# DESCRIPTION OF THE TASK
Beginning at the line that holds "P&otilde;randariiul Kalune Design" and continuing to the last line of the data below, transcribe every line word for word, without pictures.

Short descriptive text snippets
::::

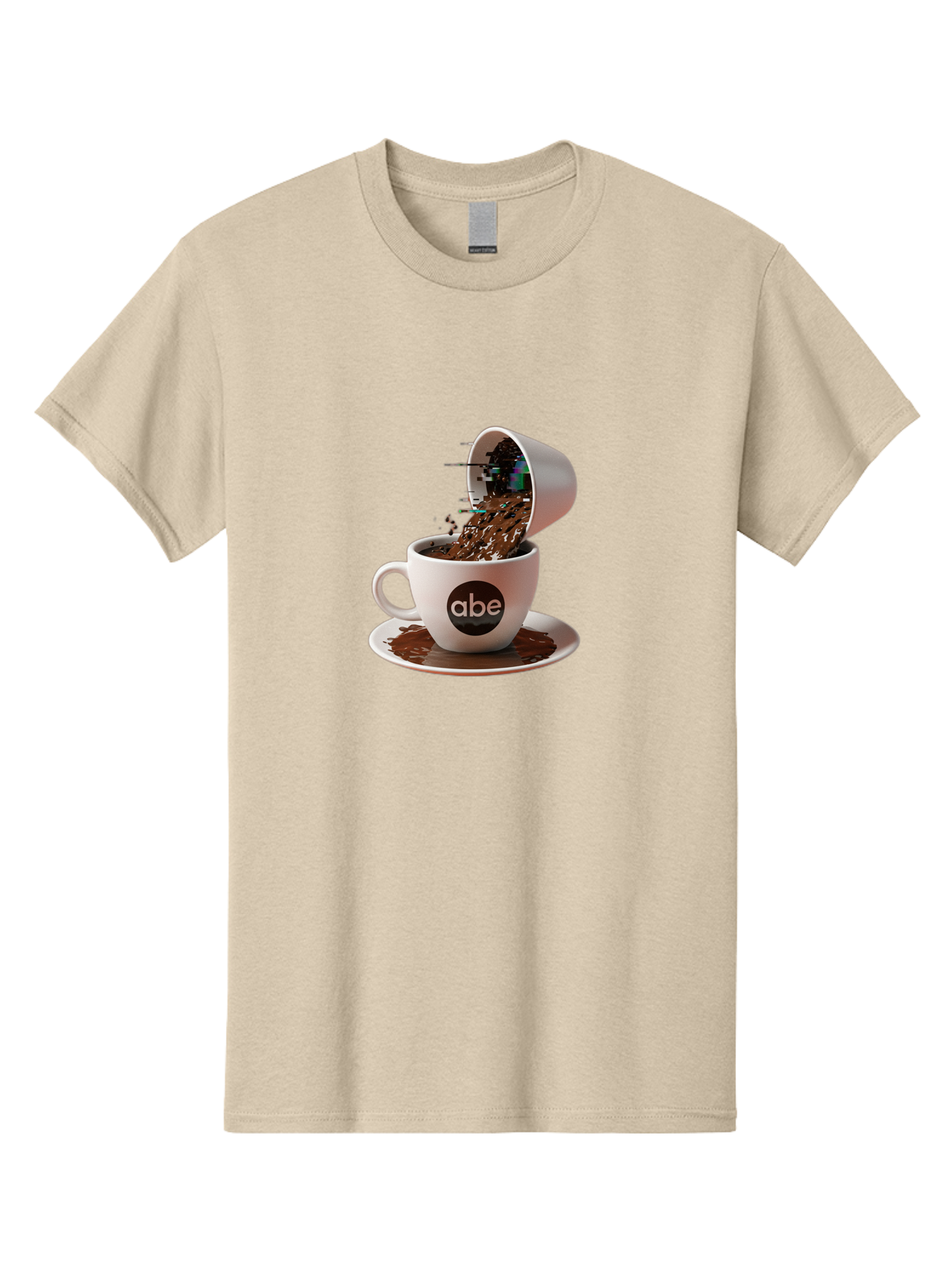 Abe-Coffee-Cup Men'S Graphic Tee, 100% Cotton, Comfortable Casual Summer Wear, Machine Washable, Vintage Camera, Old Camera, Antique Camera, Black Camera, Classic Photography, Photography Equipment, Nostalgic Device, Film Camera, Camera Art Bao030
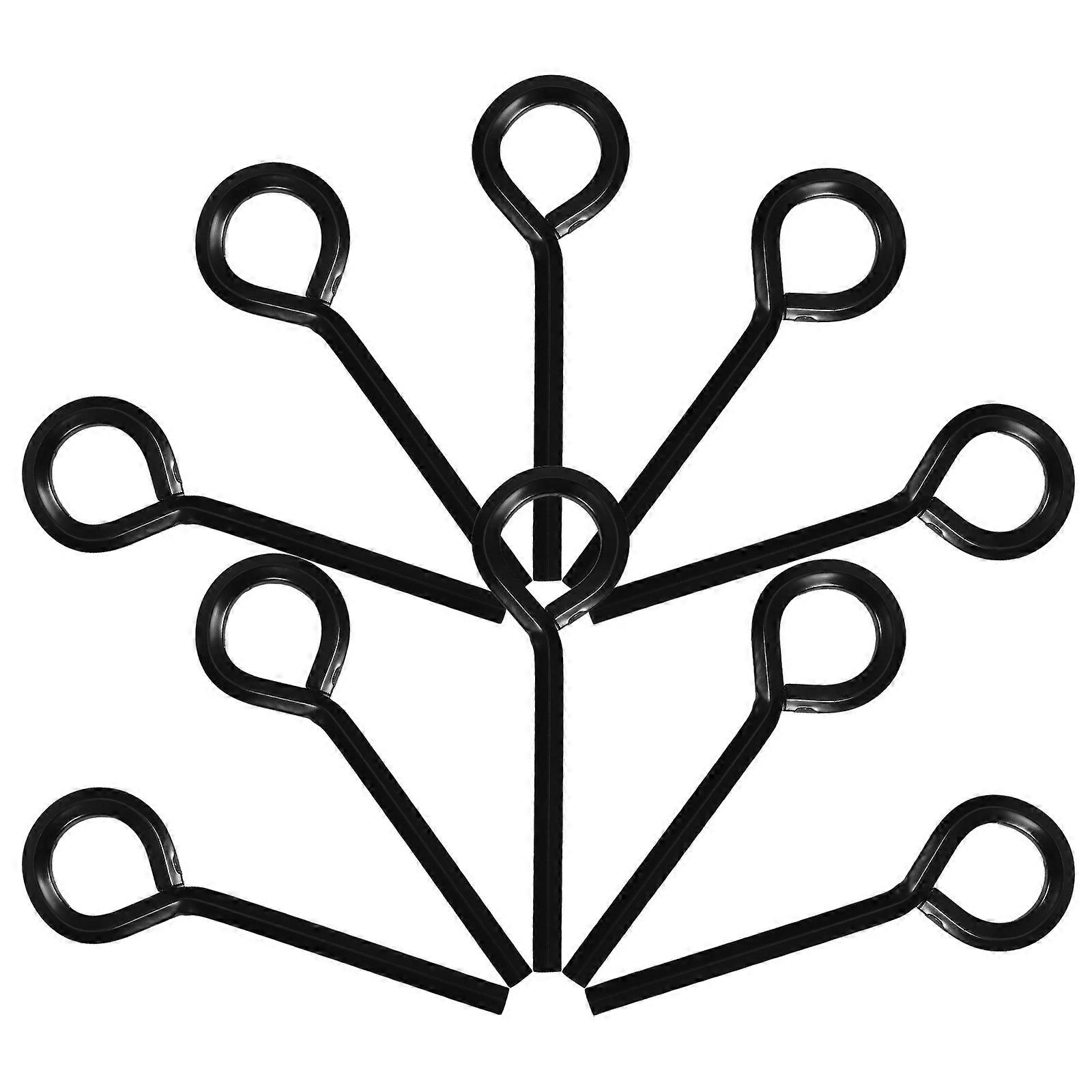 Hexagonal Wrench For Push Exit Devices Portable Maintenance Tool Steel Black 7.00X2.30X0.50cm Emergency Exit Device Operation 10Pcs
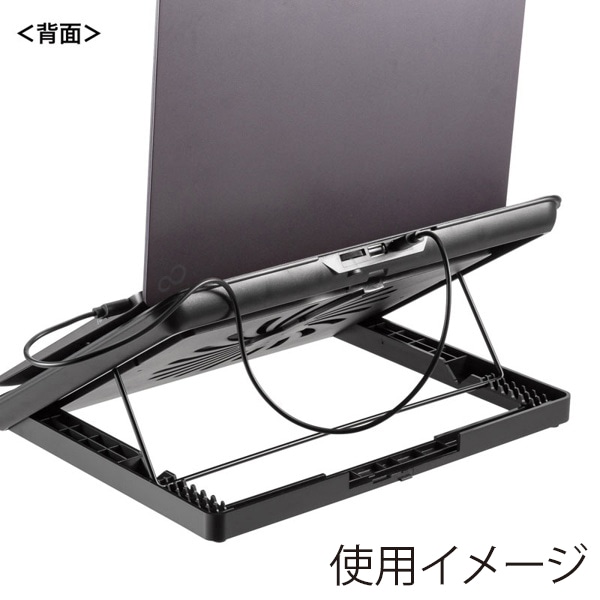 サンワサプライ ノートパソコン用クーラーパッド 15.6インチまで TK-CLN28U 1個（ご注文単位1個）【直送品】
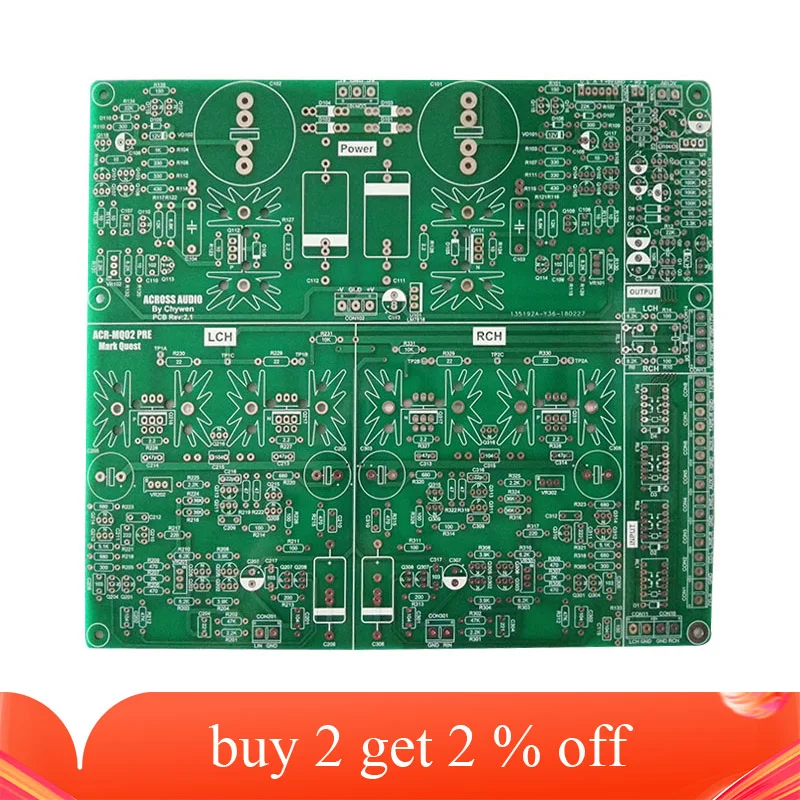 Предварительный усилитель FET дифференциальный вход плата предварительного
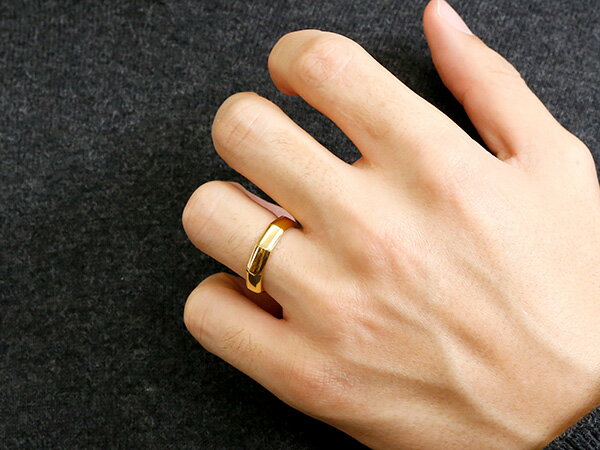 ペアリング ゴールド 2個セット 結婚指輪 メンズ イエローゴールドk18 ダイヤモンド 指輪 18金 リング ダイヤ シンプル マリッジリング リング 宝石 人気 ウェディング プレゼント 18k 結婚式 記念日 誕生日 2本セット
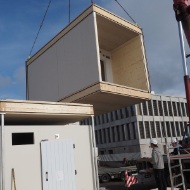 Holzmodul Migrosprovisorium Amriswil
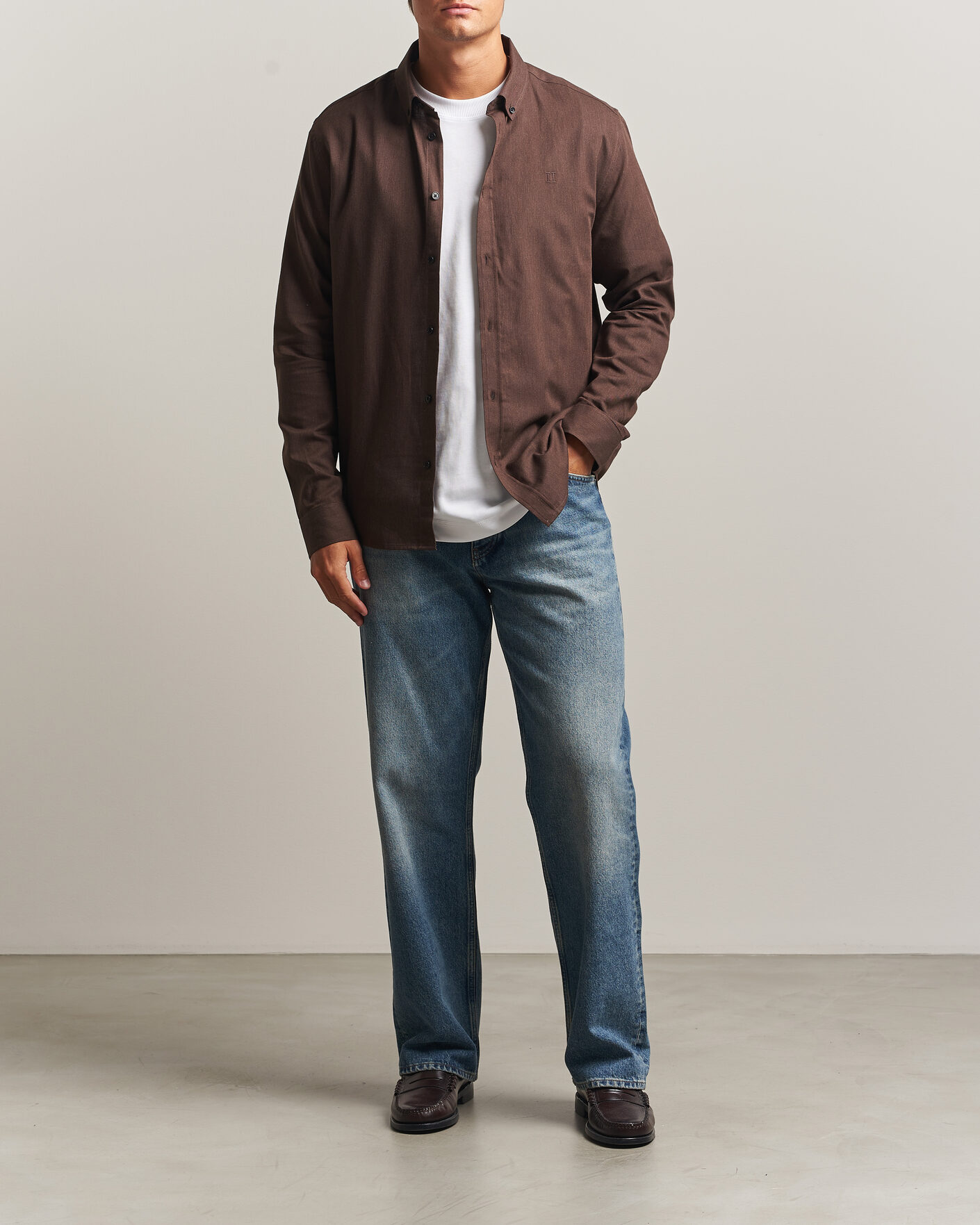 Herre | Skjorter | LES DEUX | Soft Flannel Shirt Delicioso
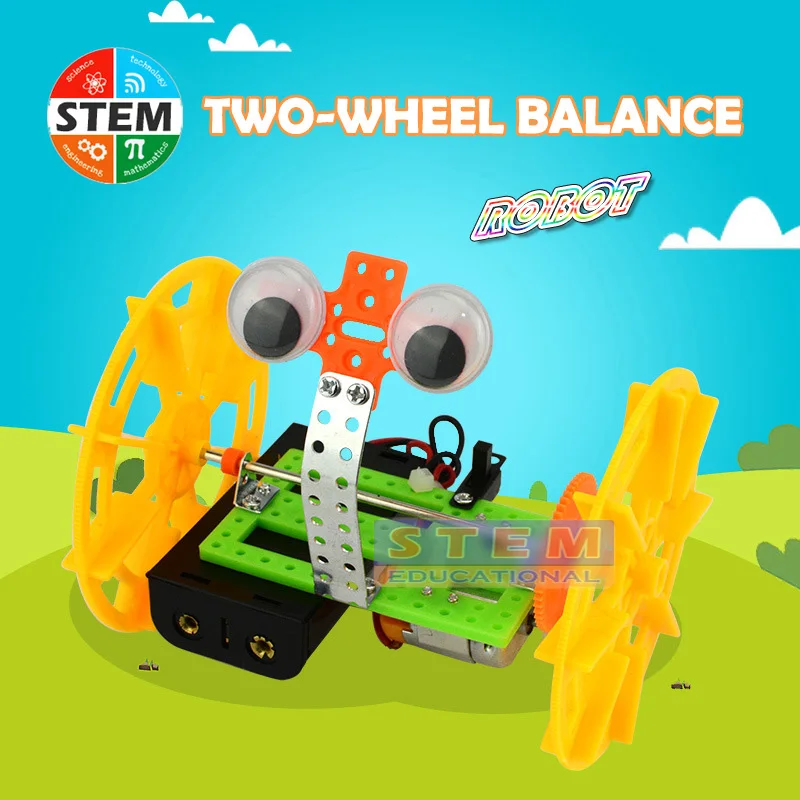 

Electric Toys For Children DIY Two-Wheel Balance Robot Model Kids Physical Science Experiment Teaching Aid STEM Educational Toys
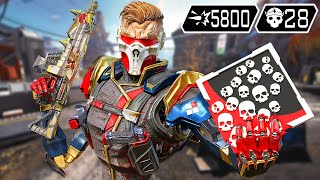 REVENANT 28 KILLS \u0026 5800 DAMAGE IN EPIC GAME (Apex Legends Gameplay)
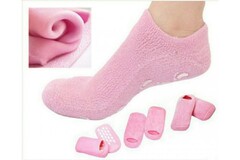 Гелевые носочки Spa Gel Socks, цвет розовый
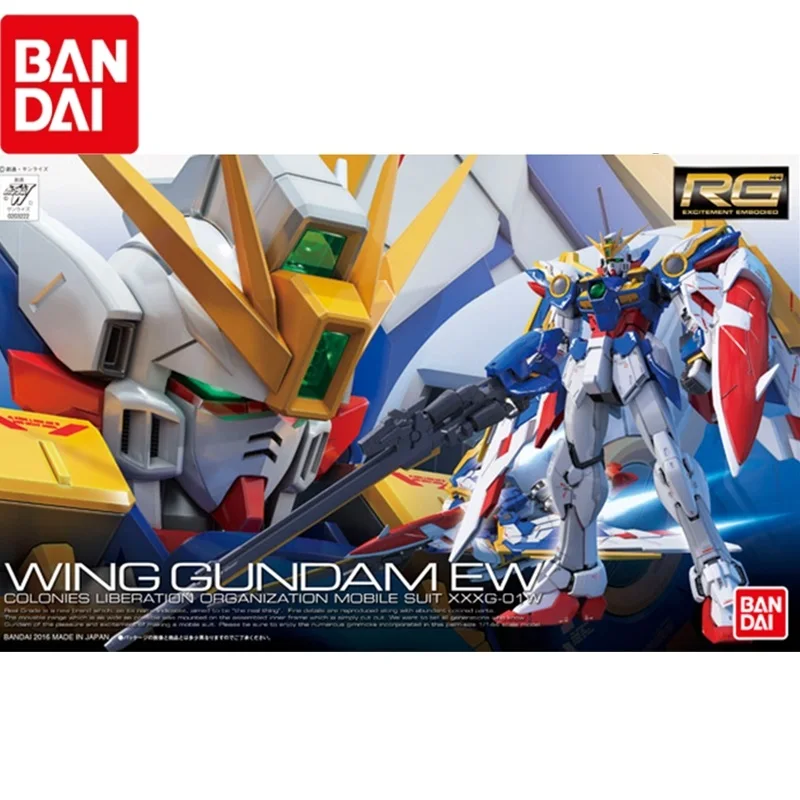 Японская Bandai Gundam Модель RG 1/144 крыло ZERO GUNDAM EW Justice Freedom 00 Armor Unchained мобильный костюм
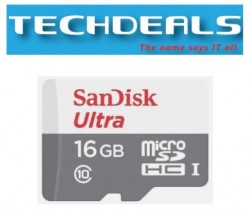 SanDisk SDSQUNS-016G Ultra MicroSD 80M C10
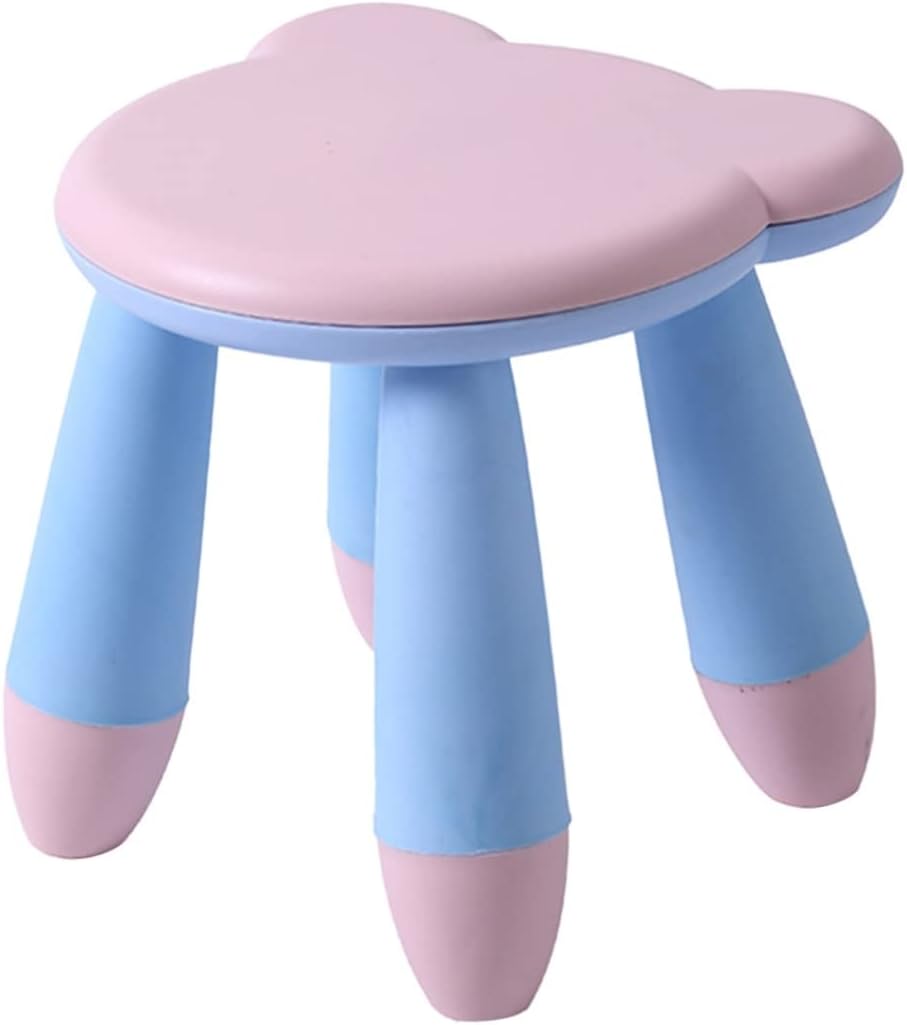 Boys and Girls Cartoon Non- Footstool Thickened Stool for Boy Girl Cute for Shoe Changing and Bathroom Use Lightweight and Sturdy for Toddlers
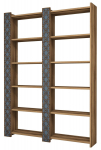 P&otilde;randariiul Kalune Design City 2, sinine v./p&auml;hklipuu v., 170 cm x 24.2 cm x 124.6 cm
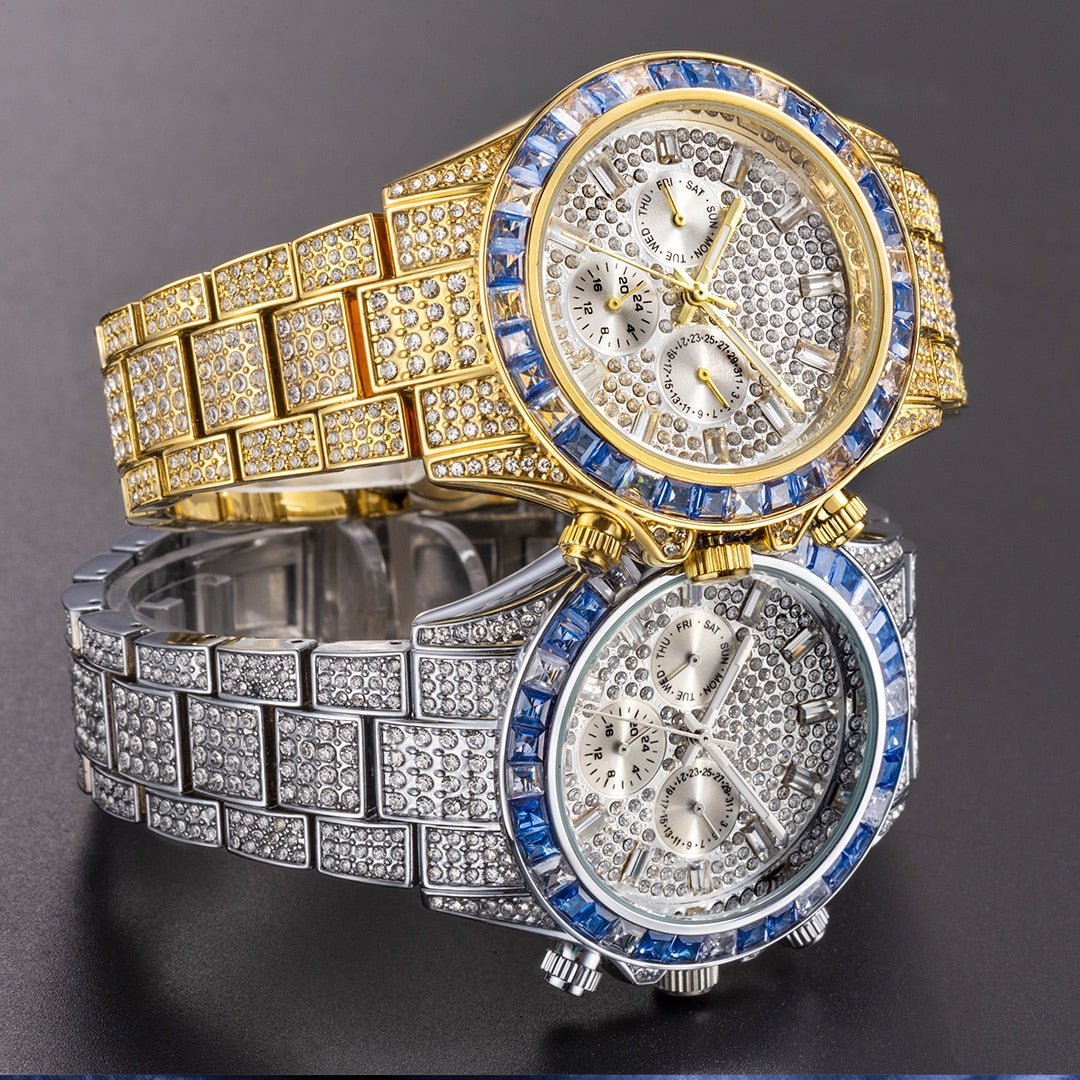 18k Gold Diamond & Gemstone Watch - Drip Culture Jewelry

::::

# ANSWER FOR THIS EXERCISE
 P&otilde;randariiul Kalune Design City 2, sinine v./p&auml;hklipuu v., 170 cm x 24.2 cm x 124.6 cm
 18k Gold Diamond & Gemstone Watch - Drip Culture Jewelry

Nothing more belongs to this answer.